Mellow DeTray is a Seattle native who has spent the last 16 years raising her family in Burien. She has volunteered at many local establishments over the years, including the Burien Library, Burien Actors...

10 replies on “Burien City Council strengthens camping ban; hears DESC update, selects ‘Citizen of the Year’ & more at Monday night’s meeting”

  1. First and foremost, these changes will indicate to the residents and businesses in Burien that the responsibility of Government is to serve all. You cannot have a downtown core become an uninviting mess and expect visitors to feel welcome and safe. The activists have played the “oh the humanity” card, what’s humane is not encouraging street camping and open drug use, but to seek to better your situation. A woman spoke last night about being born, raised, and educated in Burien yet still camps outside the Library, what should have been asked of her or any activists is why still? For how long does someone get to refuse help and just decide the street is her family as she said! If she or anyone else feels it’s their right to live as they wish, and society should just except and endlessly support them, then they are certainly confused or way too high.

  2. Unfortunately, many of the responsible citizens have busy lives that make it hard to attend council meetings. The homeless activists have nothing better to do than camp out at meetings. Thankfully, our Burien city council is aware of that.

  3. There was not public outcry. The same group of activists who show up at every council meeting made more emotional statements ignoring the realities of what’s happening in our community. And the council moderates, who were just elected by overwhelming majorities, did their jobs and made sensible policy ignoring the activists who lost. Elections have consequences, and these activists being ignored is a great one.

  4. In regards to the homeless issue, this council is shameful and embarrassing. The council is consistently out of touch and will likely face consequences for what certainly seems to be banning the unhoused from the city. I for one feel safer when the homeless are permitted to sleep at night rather than wandering aimlessly throughout the city.

  5. You are mistaken as they can sleep at night, just not in certain areas as listed in the Ordinance. Every single one of them has declined offers of services and shelter space numerous times over and that makes them responsible for the choice they make nighty. Please stop condoning behavior that serves no one, promote accepting help rather than enabling such behavior.

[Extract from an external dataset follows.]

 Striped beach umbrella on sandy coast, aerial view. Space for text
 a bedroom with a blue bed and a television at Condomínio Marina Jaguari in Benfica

  6. yes Eva, there are consequences……
    it resulted in new members of the city council who are doing what the majority of the citizens want them to do.

    1. Election turnout was less than 37% this time around so this council represents at best less than 25% of registered voters, and an even smaller fraction of “citizens”. This council was elected alright but it has no overwhelming mandate to implement radical change.

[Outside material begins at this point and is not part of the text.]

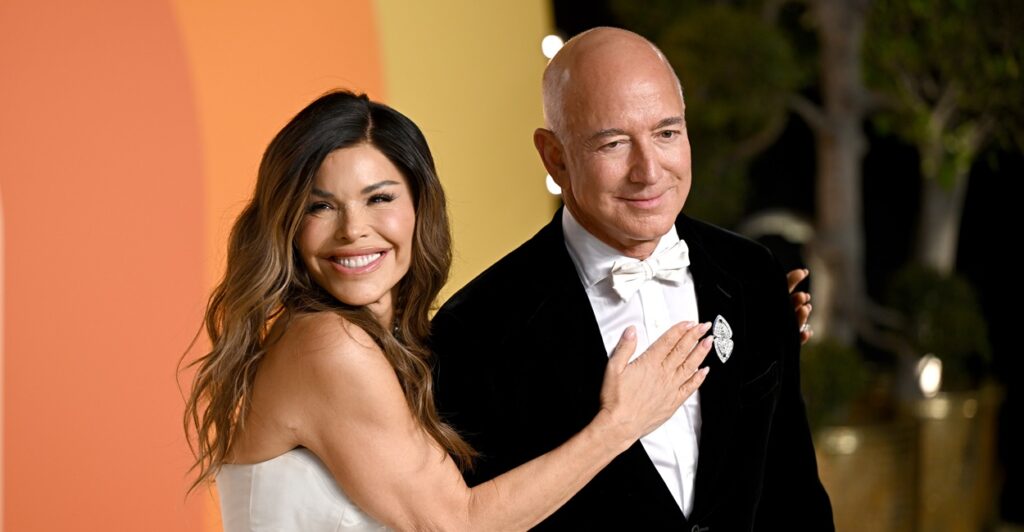 Jeff Bezos stands on a red carpet as his wife Lauren Sanchez puts her right hand on his chest.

  7. what kind of person mentally thinks its acceptable to house on the sidewalk ! and do drugs all day 24 hours a day – run around living in dumpsters trashing the whole community seems like jail could bring them to sobriety instead of sympathy it dont work ! there is no reason they cant work a job there job is drug peddling and loose sex spreading their toxic life style to younger crowds it needs to stop with jailing them sober making them foot the expense and have to put in volunter hours picking up trash along the freeways , cleaning camps, moving old debri and tents and cleaning up after their co-partners in crime pay back to society all the damage they inflict on the hard working class .

  8. Burien needs more than Lead. They need to get king county to allow other diversion organizations to work along side with lead.